Looking at it as a growth trigger for the economy, Texprocil Executive Director, Siddhartha Rajagopal said that rate cut also means RBI doesn’t anticipate inflation as a key risk to Indian economy. A Sakthivel, President of Tirupur Exporters' Association (TEA) also welcomed the RBI decision. TEA in its statement said banks should pass on this benefit to their customers. This will trigger more investments and export.
www.tea-india.org
Seven textile parks will come up in Rajasthan under SITP (Scheme for Integrated Textile Parks). For each SITP, the Center will provide an assistance of Rs 40 crores. After Gujarat and Maharashtra, Rajasthan will emerge as a textile hub in the future.
Over the last few decades, Rajasthan has emerged as a promising textile center. An abundance of raw material and trained labor has promoted the growth of the textile industry in the state. Rajasthan is a leading producer of polyester viscose yarn and synthetic suiting material as well low-cost, low-weight fabric. The state is the largest producer of PV suitings in the country. Bhilwara is India's largest manufacturer of suiting fabrics and yarn.

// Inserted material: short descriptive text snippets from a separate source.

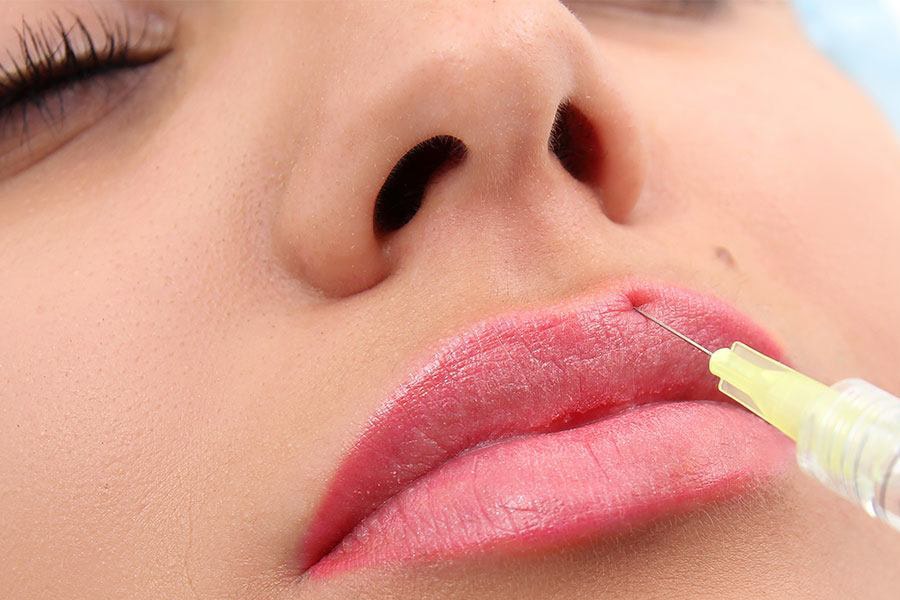 Tiêm Filler Môi Không Đau: Sự thật và cách thực hiện 5 tiêm filler môi không đau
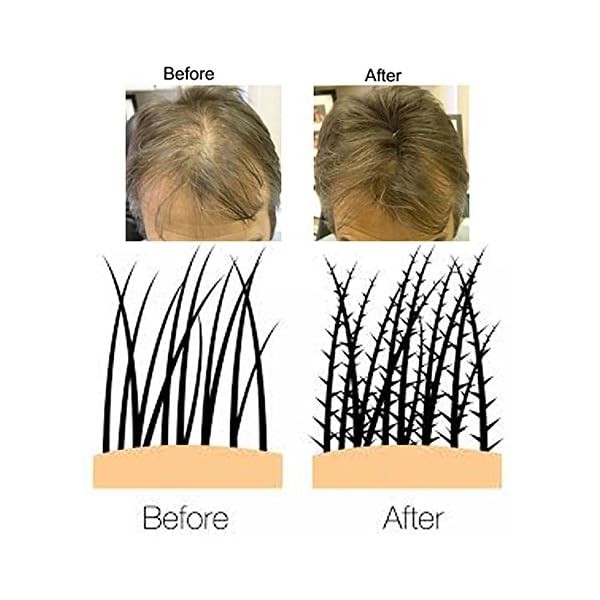 Volumon-Professional-Hair-Building-Fibres-Hair-Loss-Concealer-COTTON-28g-Get-Upto-30-Uses-CHOOSE-FROM-8-HAIR-SHADES-COLOURS-Dark-Brown Volumon Professional Hair Building Fibres- Hair Loss Concealer- COTTON- 28g- Get Upto 30 Uses- CHOOSE FROM 8 HAIR SHADES…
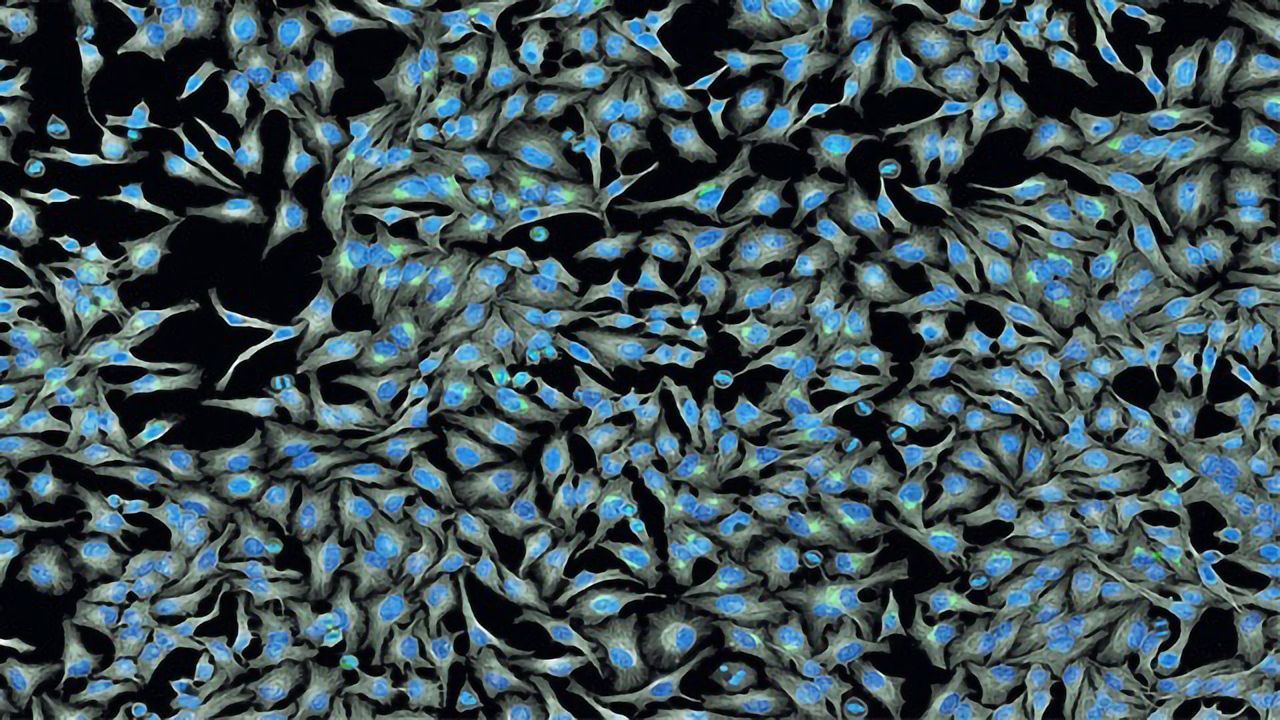 Tagging Tumor Cells To Track How They Evolve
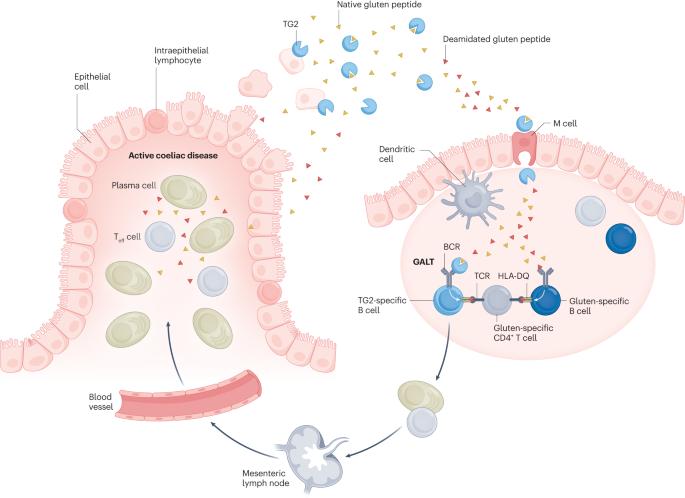 Tolerance-inducing therapies in coeliac disease — mechanisms, progress and future directions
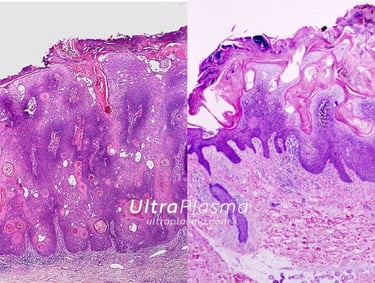 ultraplasma.com_seborrheik_keratosis_treatment_seboreik_keratoz_tedavisi_ultra_plasma_ultra_plazma
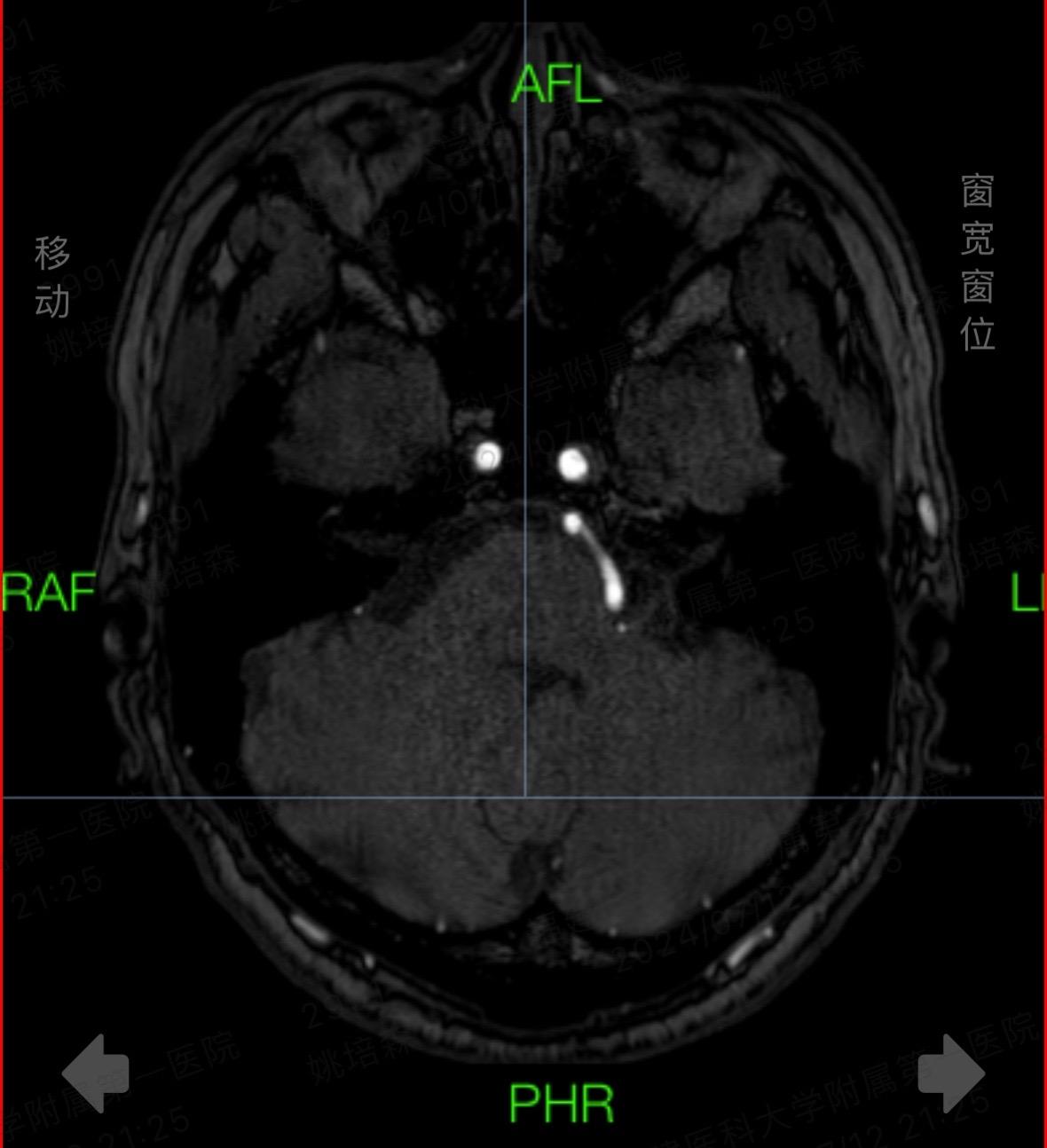 时光晃呀晃。连续10小时颅脑手术，做了一台帕金森病，一台面肌痉挛，一台...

Out of 862 spinning mills spread across India, 69 are in Rajasthan. The state has been associated with the production of color fabrics in the Maru-Gurjar tradition since ancient times. The sense of color aesthetics has led to the use of colors and motifs intended for different occasions. Rajasthan has a wide variety of textile traditions, the most famous being the tie and dye or bandhani and block printing methods. Rajasthan contributes over 7.5 per cent of India’s production of cotton and blended yarn.
Azerbaijan, in the Caucasian region of Central Asia was a strong cotton producing country but over the past 18 years, production decreased by over six times. The land volume used for cotton fell by nine times. There was a time when Azerbaijan produced nearly a million tons of cotton.
The decrease in cotton production was a result of falling cotton prices in global markets and low profit margins. Moreover, increasing use of artificial materials worldwide has negatively affected cotton-growing sector. The practice of sharing crops replaced cotton with wheat.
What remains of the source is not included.